In this issue: News about COV&R’s 2023 annual meeting and a meeting of the Australian Girard Seminar this week; also new publications and reports on meetings of Theology & Peace and COV&R at the AAR.


COV&R Annual Meeting, June 14-17, 2023:
A Celebration of René Girard’s 100
th Birthday—
The Future of Mimetic Theory

René Girard was born in 1923, and 2023 will therefore mark the 100th anniversary of his birth. This is a very important date for the Colloquium on Violence and Religion, the international association of scholars which for now more that thirty years have been working on mimetic theory and disseminating it through their research, publications, and active commitment to different causes, as well as to the many others, like the Raven and Unrival Foundations, and local research groups and association that have found inspiration in mimetic theory. To mark this occasion, the theme of the upcoming 2023 COV&R conference that will be held at the Institut Catholique de Paris from June 14 to 17 is the future of mimetic theory. We thought that the best way of celebrating René Girard’s contributions was to look at what mimetic theory can bring us today in terms of understanding the complex and in many ways unpredictable world in which we live. Because it is a celebration of his 100th anniversary, remembering his life and work will also have a central place in the meeting.

The main plenary speaker is literary critic Thomas Pavel, who will speak to us about Girard’s first book and his seminal contribution to past and present literary criticism. The book symposium will be dedicated to Benoît Chantre’s intellectual biography of René Girard that will come out at the French publisher Grasset in the spring of 2023. A massive work of close to 800 pages, it covers the progressive development of Girard’s work from when he left France and inquires into his continued and changing relationship with major figures of the French intellectual life. Another plenary session will be dedicated to Oedipus, both to the Oedipus Casebook recently edited by Mark R. Anspach and the study of Sophocles of Jérôme Thélot. Among the other plenary speakers there will be Elisabetta Brighi, Barbara Carnevali, Vincent Delecroix, Chantal Delsol, Jean-Pierre Dupuy, Christine Orsini, Martha Reineke, Andreas Wilmes, and Frederic Worms.
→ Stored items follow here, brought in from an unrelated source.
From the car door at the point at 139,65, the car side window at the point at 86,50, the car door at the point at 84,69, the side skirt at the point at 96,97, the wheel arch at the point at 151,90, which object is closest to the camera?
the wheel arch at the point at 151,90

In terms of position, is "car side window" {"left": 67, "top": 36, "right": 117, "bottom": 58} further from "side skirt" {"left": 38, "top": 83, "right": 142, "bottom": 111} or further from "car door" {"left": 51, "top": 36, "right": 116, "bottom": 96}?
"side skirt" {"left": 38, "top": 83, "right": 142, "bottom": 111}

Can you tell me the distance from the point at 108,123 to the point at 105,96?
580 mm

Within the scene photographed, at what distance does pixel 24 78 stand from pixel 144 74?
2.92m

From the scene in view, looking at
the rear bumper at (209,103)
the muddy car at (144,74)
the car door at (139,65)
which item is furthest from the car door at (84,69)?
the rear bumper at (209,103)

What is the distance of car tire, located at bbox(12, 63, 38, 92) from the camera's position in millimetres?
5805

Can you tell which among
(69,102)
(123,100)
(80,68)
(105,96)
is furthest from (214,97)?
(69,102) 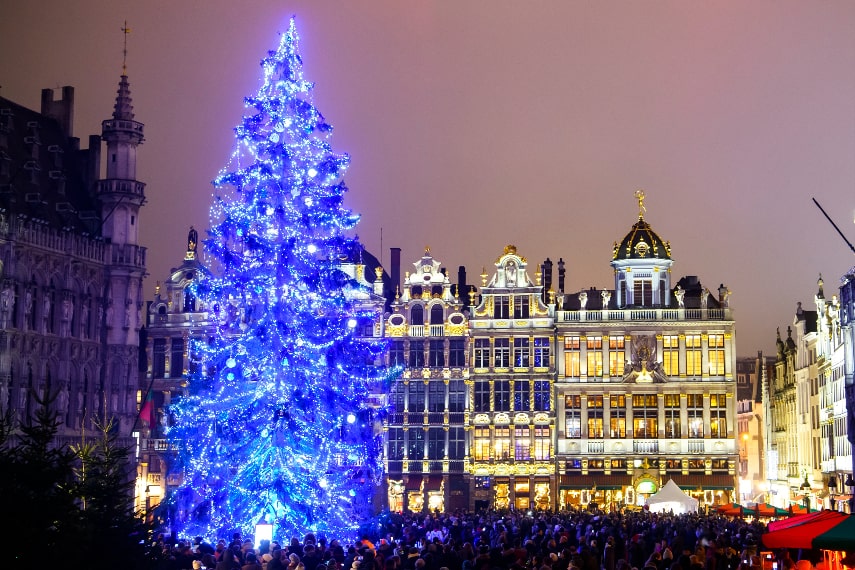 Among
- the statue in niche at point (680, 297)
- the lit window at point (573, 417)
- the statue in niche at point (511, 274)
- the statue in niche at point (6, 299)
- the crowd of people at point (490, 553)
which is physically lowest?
the crowd of people at point (490, 553)

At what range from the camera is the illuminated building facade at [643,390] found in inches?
2586

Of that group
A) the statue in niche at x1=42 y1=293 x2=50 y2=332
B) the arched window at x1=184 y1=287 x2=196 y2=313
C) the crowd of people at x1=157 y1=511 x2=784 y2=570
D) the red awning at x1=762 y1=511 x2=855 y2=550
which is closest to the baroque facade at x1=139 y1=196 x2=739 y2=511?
the arched window at x1=184 y1=287 x2=196 y2=313

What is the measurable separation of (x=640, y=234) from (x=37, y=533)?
54.3 meters

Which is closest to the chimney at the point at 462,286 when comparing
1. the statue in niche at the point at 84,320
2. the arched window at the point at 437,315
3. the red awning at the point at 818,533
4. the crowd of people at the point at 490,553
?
the arched window at the point at 437,315

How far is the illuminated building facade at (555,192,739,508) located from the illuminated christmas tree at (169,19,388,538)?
35.3m

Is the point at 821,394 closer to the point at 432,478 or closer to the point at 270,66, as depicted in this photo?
the point at 432,478

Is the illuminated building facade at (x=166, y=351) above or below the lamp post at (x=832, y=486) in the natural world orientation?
above

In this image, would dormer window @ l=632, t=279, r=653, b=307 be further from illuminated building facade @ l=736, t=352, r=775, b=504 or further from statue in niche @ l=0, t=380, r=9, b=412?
statue in niche @ l=0, t=380, r=9, b=412

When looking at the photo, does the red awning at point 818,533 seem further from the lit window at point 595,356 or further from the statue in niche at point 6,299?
the lit window at point 595,356

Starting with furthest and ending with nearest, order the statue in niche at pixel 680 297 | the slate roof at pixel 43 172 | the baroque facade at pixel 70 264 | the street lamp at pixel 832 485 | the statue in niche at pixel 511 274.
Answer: the statue in niche at pixel 511 274, the statue in niche at pixel 680 297, the slate roof at pixel 43 172, the street lamp at pixel 832 485, the baroque facade at pixel 70 264

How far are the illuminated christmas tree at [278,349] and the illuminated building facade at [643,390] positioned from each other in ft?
116

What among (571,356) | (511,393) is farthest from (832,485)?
(511,393)

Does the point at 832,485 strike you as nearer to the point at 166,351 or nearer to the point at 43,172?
the point at 166,351

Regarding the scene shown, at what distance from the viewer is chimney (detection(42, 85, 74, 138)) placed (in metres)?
68.2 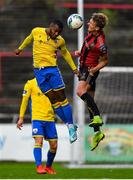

Some of the sessions will be given in French, but the English text will be simultaneously projected on screen.

As usual, contributions pertaining to any and all aspects of mimetic theory are welcome, but given the theme of the conference we encourage papers that look at what Girard brought into the world with his reflections on mimetic desire and at how others today are being guided and inspired by his work and carrying it forward. The conference wants to be looking both forward and backward, at how the future of the theory is rooted in its past, in René Girard’s seminal work, and how that work helps us to face the new dangers of our changing world. A full call for papers will go out soon.

Paris is a highly desirable (mimetically) tourist destination. We have succeeded in securing a sufficient number of rooms in various hotels and religious institutions. Because the demand is so high, however, it will be important to reserve rapidly as soon as the information is out (which it should be shortly). Many hotels will not keep these rooms for us after February or March at the latest.

Located in the centre of Paris, the Catholic University of Paris (Institut Catholique de Paris—ICP) was founded in 1875. It is the inheritor of the medieval liberal arts colleges and lies in the tradition of the Sorbonne, the oldest academic institution in France. It is today a modern institution that receives 10,000 students every year, with 900 professors, six faculties, and as many specialized research institutes.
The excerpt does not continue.